Smile Politely

Allow Me to Introduce My World of Hate. Join Me, Won’t You?

Hello Gentle Reader. I am the Campus Wit.

I attend the University of Illinois and find absurdity around every corner. Being a wit, I feel it is my duty to satirize and bring to light many of the ridiculous and horrible facets of campus life. As I walk around campus, I actively hate every person I see. With every passing face, thoughts of derision and rancor enter into my mind. No one escapes my inner scorn. I’m not a racist. I’m an equal opportunity hater. I don’t care about your race, gender or creed.

I can find something to hate in everybody.

I’m actually pretty proud of my egalitarian hate. I think that it’s very progressive. If everybody could just hate all people equally, the world would be a better place. One of two things would happen: complete and utter destruction of the human race or total and lasting world peace. I’d prefer the former of course, but either option works. I’m thinking of starting a campaign for equal opportunity hating. We’ve been trying the whole “love everybody” thing for years now and look where it has gotten us. The world is a shit hole, and things are getting worse. Why not give hating a go? The new Golden rule should read, “Hate others as you would want to be hated.”

The great thing about my campaign is this: it is far easier to hate someone than love someone. To love someone you need to get to know them and understand who they are, whereas to hate someone all you need to do is look at them and observe what they are doing at that particular moment. I can hate someone for the way he walks or the style of headphones that he is wearing. Keep your eyes open for my campaign. Right now, I’m considering using the slogan, “Hate everybody. Our future depends on it.”

Well now, I may have gotten a little carried away there. That was quite the digression, but as the great wit Laurence Sterne once said in his incredibly tangential novel The Life and Opinions of Tristram Shandy, Esq., “Digressions, incontestably are the sunshine; they are the life, the soul of reading!- take them out of this book, for instance, – you might as well take the book along with them.” Sterne is a personal hero of mine, and I’ve picked up some of his digressive tendencies. Let me get back to myself, now.

As shown by my love of Laurence Sterne, the only people I have any real respect for are dead British and Irish men. Occasionally, I’ll find myself respecting a living British or Irish man, but these outbreaks are rare and short-lived. I model my life off of the lives of these great wits. I usually fail, however, to live up to any of the examples that they set. My life is characterized by debauchery, pessimism, misogyny, barbarism, anxiety, causticity, melancholy, and blasphemy. I am entirely contradictory. One day I will espouse a belief and then the next day I will ridicule that very belief.

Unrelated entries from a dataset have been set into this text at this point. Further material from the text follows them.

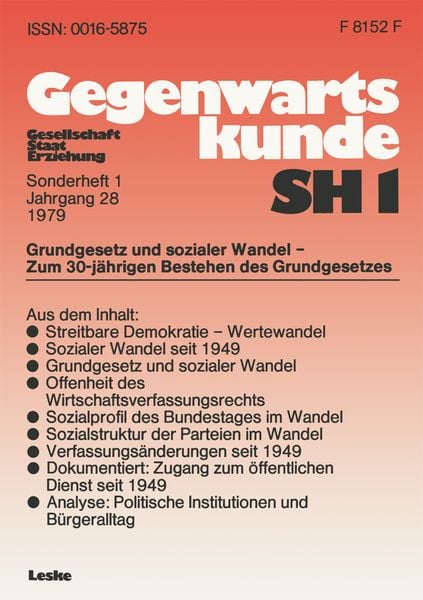 Produktbild: Grundgesetz und sozialer Wandel &mdash; zum 30. Jahrestag der Verfassung der Bundesrepublik Deutschland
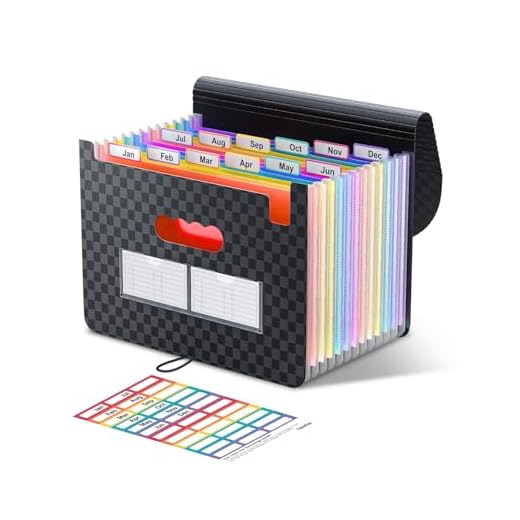 ThinkTex Organizzatore di File 12 tasche, Cartella di File Espandibile Copertura Espandibile, Scatola di Archiviazione Portatile, Cartelle a Fisarmonica da Tavolo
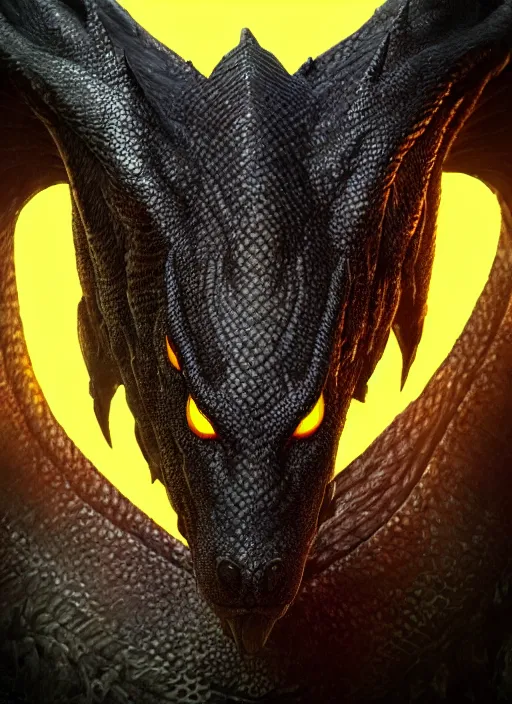 Image similar to closeup portrait of black dragon head with yellow eyes, ultra realistic, fantasy, magic, dnd,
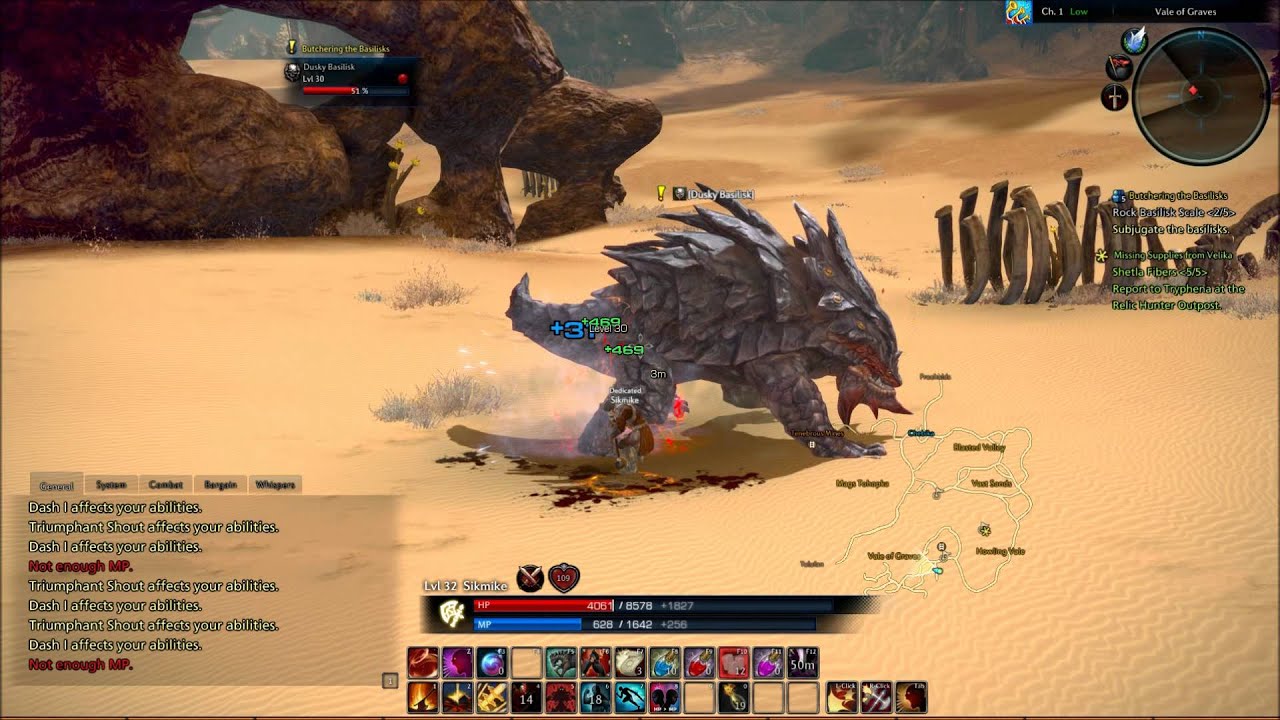 TERA Online level 32 berserker gameplay CBT3, basilisk solo.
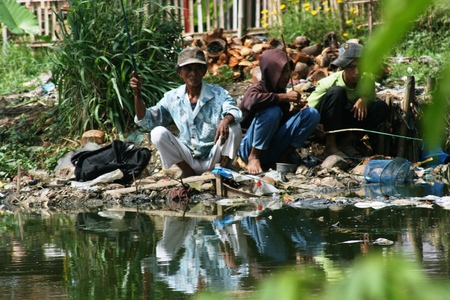 Citayam reservoir  with a variety of fishing and leisure activities in Depok , West Javaのeditorial素材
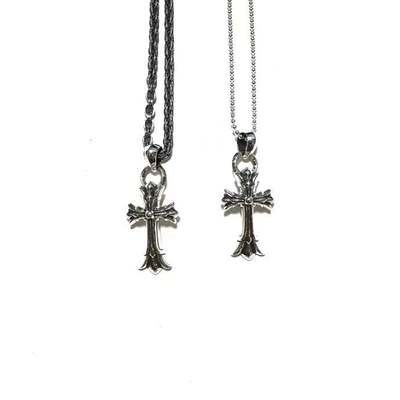 925 Sterling Silver Double-Layer Cross Necklace with Antique Black Plating - Unisex Pendant Necklace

It’s only my total and complete love of The Beach Boys that keeps me from nihilism.

Basically, I view the world as a horrible but wildly absurd place. As Ignatius J. Reilly once said, “I refuse to ‘look up.’ Optimism nauseates me. It is perverse. Since man’s fall, his proper position in the universe has been one of misery.”

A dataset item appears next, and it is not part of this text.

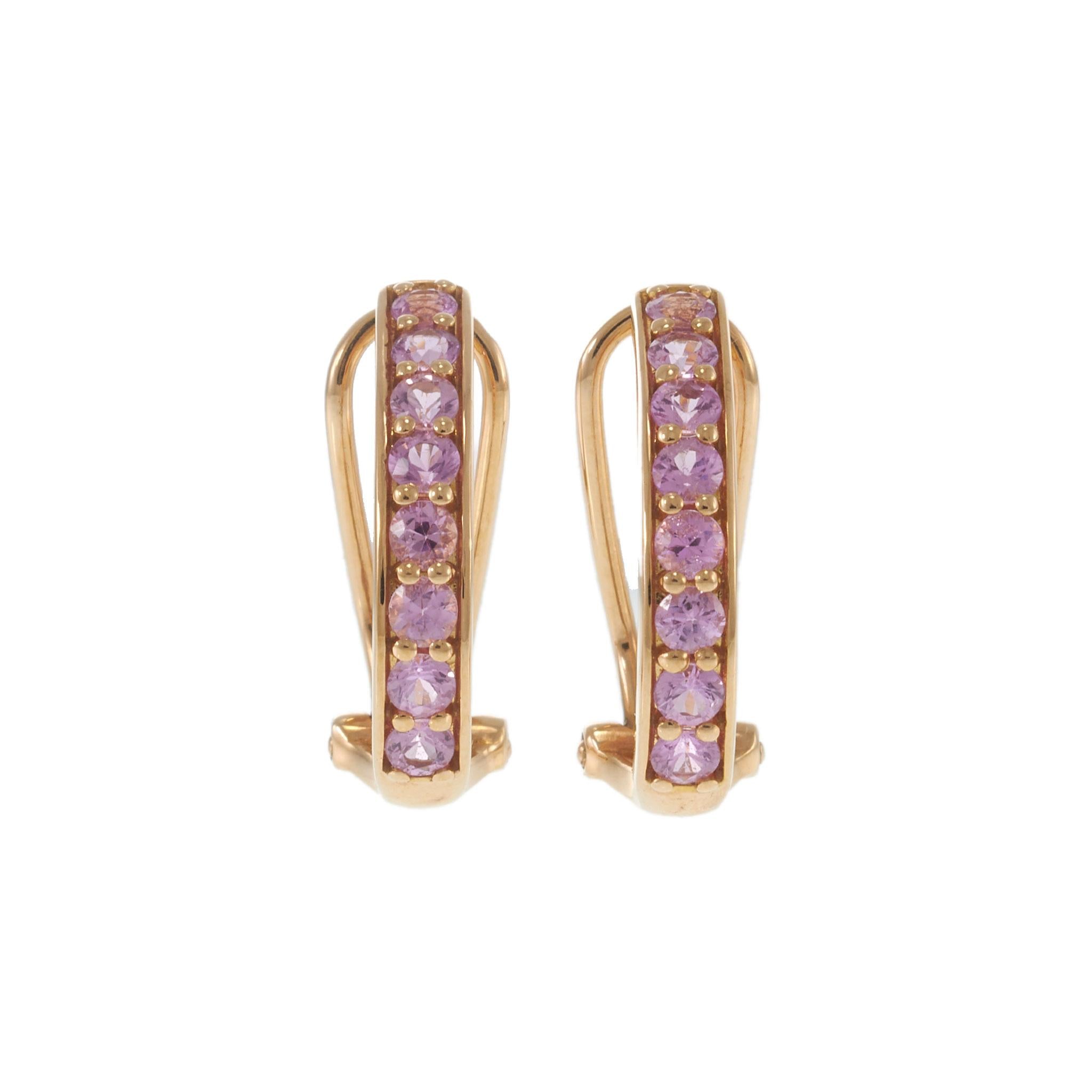 18KT Rose Gold Pink Sapphire Huggie Earrings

I don’t see how anyone could see things differently, but when I look around campus, I see people smiling and radiating optimism. “How in the fuck are these people smiling and optimistic?” I wonder, but then I realize the answer: they’re fucking morons.

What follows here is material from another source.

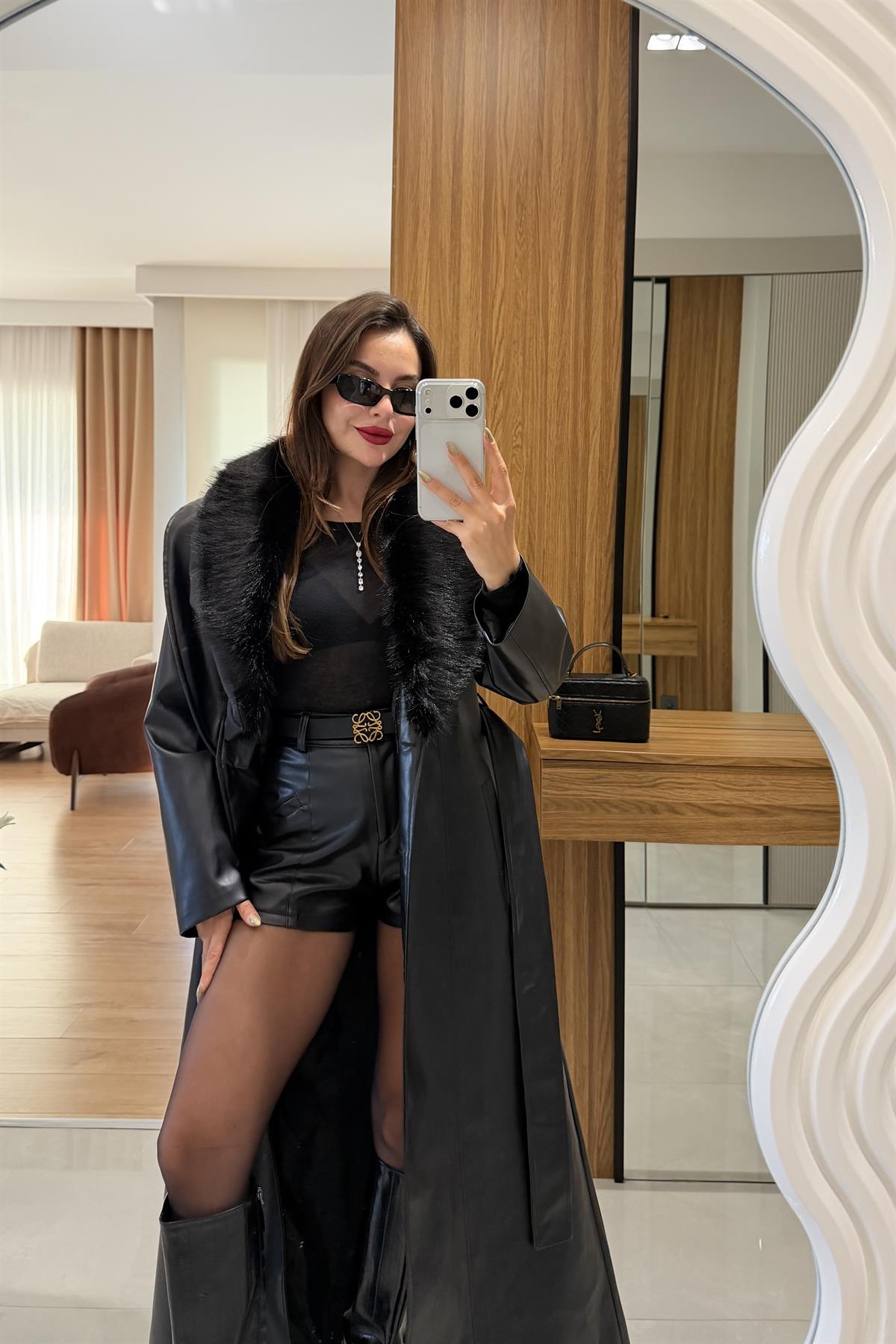 Vitela Siyah Deri Premium Trenç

(I love the word fuck. It may be uncouth, but it is one of the few things in the world that gives me joy.)

I can’t understand how any rational person could view the world as anything but completely wretched, but then again I also can’t believe that people really think that cigarettes are actually bad for you.

Well, I’ve given you an idea of my personality. I’m gonna finish up with by telling you about the state of my affairs. I live in Urbana but delude myself into believing that I live in Ireland. I rarely leave my apartment because of a punishing fear that I might run into someone I know. I have no girlfriend because no woman would even consider spending more than eight minutes in my presence. My parents told all their friends that I died three years ago and refer to me as “our big mistake” to my siblings. I am constantly crippled by horrible depression, and my impressive collection of neuroses make Woody Allen look well-balanced.

So that’s me. The Campus Wit. Your Campus Wit. I hope to entertain you, Gentle Reader, with this column and also make you realize how horrible your life actually is. I will leave you now with one final thought from the good Dr. Sterne: “What is the life of man! Is it not to shift from side to side? From sorrow to sorrow? To button up one cause of vexation! And unbutton another!”